I've always thought about precedence in terms of grouping, not ordering - I think of one operator as "binding tighter" than another rather than as being "executed before" it. When I consider precedence, I mentally apply brackets to group operators and operands together explicitly. Eric Lippert has blogged along similar lines but I wouldn't want to put words into his mouth by suggesting he agrees with me. Interestingly, he includes:
Order of evaluation rules describe the order in which each operand in an expression is evaluated.
That's certainly true about the order of evaluation of operands in an expression, but as seen earlier precedence is also specified in terms of "order of evaluation". To me, that's what makes the standard confusing.
Importantly though, when I expressed this in a meeting, smarter people than me said that they exactly thought of precedence in terms of order of evaluation.

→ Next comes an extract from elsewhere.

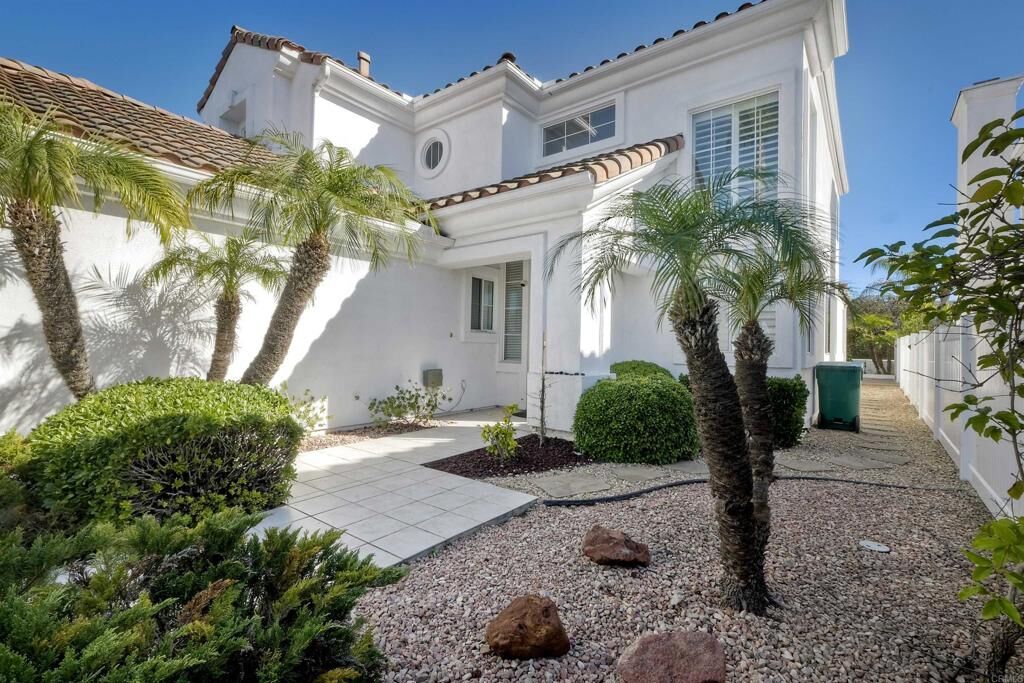 Property Photo: 6015 Dassia Way CA 92056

Grouping was just another way of looking at it, but a sort of secondary approach.
What does "order of evaluation" even mean?Let's take a closer look at the wording of the standard. It's fairly clear what "operands in an expression are evaluated from left to right" means (ignoring the possibility that the "left" operand actually occurs to the right of the "right" operand physically due to line breaks). The left operand is completely evaluated, from start to finish, before the right operand is evaluated. Great.
But what about the "order of evaluation of operators"? Here it's trickier. Does "evaluating" a + b include first evaluating a and b? Should "order of evaluation" mean "order of starting to evaluate"? If so, the standard would actually be inaccurate. Let's go back to the example of x + y * z. We can view that as a sequence of steps:
- Evaluate x.
- Evaluate y.
- Evaluate z.
- Multiply the results of steps 2 and 3.
- Add the results of steps 1 and 4.
Note that the multiplication definitely occurs before the addition. So that looks right. But if I rewrite it just a little to give more context (sorry about the bullets; it's the only way I could get the formatting right):
- Evaluate x + y * z
- 1 Evaluate x
- 2 Evaluate y * z
- 2a Evaluate y
- 2b Evaluate z
- 2c Multiply the results of steps 2a and 2b; this is the result of step 2
- 3 Add the results of steps 1 and 2; this is the result of the expression
At that point, it's clear that we've started evaluating the + operator before we've started evaluating the * operator.

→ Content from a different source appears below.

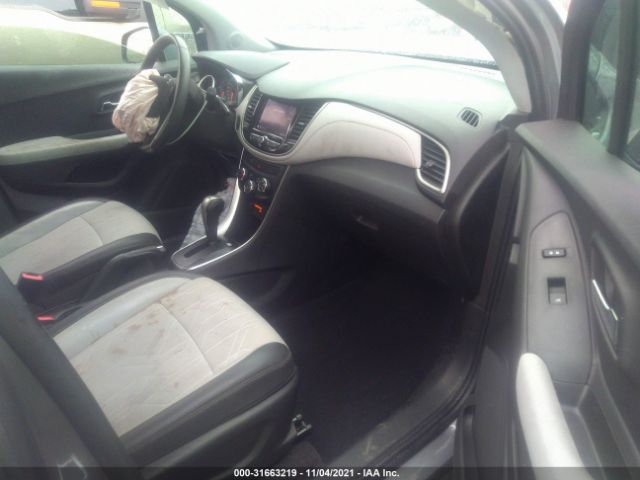 Photo 4 VIN: 3GNCJLSB9LL320216 - CHEVROLET TRAX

Similarly, if we view it as a tree:
+ / \ x * / \ y z
" we hit the + node before we hit the *node.
So from the "starting to evaluate" perspective, precedence appears to fall apart. The ordering only makes sense when you start talking about the operator performing its duty with the already-evaluated operands - which is tricky for ??, ?. and ?: which don't always evaluate all their operands. I suspect that's fixable though, with careful wording - and I'm influenced by the fact that the term "precedence" is naturally ordering-related (one thing preceding another). Maybe it's as simple as talking about the order of completing evaluation of operands.
Non-conclusion: over to youSo, what should we do in the standard? Given the range of views on the technical group, I said I'd write this blog post and canvas opinion. Readers: how do you as readers think about precedence? How should the standard talk about precedence? Is any aspect of the existing wording (in C# 5 specification it's section 7.3.1; in ECMA-334 4th edition it's section 14.2.1) particularly helpful or confusing?
The technical group is full of very smart people - all of them smarter than me and with a deeper computer science (and/or C# compiler implementation) background. That makes me simultaneously nervous of proposing changes - but also confident in my role of "interested amateur" in that if I find something confusing, I suspect some other readers will too.
I'm in no way saying it's wrong to think of precedence in terms of ordering - albeit with a more precise definition of ordering than we've got now - but I'm suggesting it's not the most helpful way of expressing it for readers. Just to be entirely clear, I'm not suggesting any sort of semantic change - if we change the wording of the standard, it would be purely about clarification, with no behavioural change.
I had originally intended to make this blog post as "on the fence" as possible, but the more I've looked at it, the more I've reinforced my original position - I can only apologise for not being terribly even-handed. I'm very happy to be corrected though, and look forward to reading plenty of comments. Don't be shy.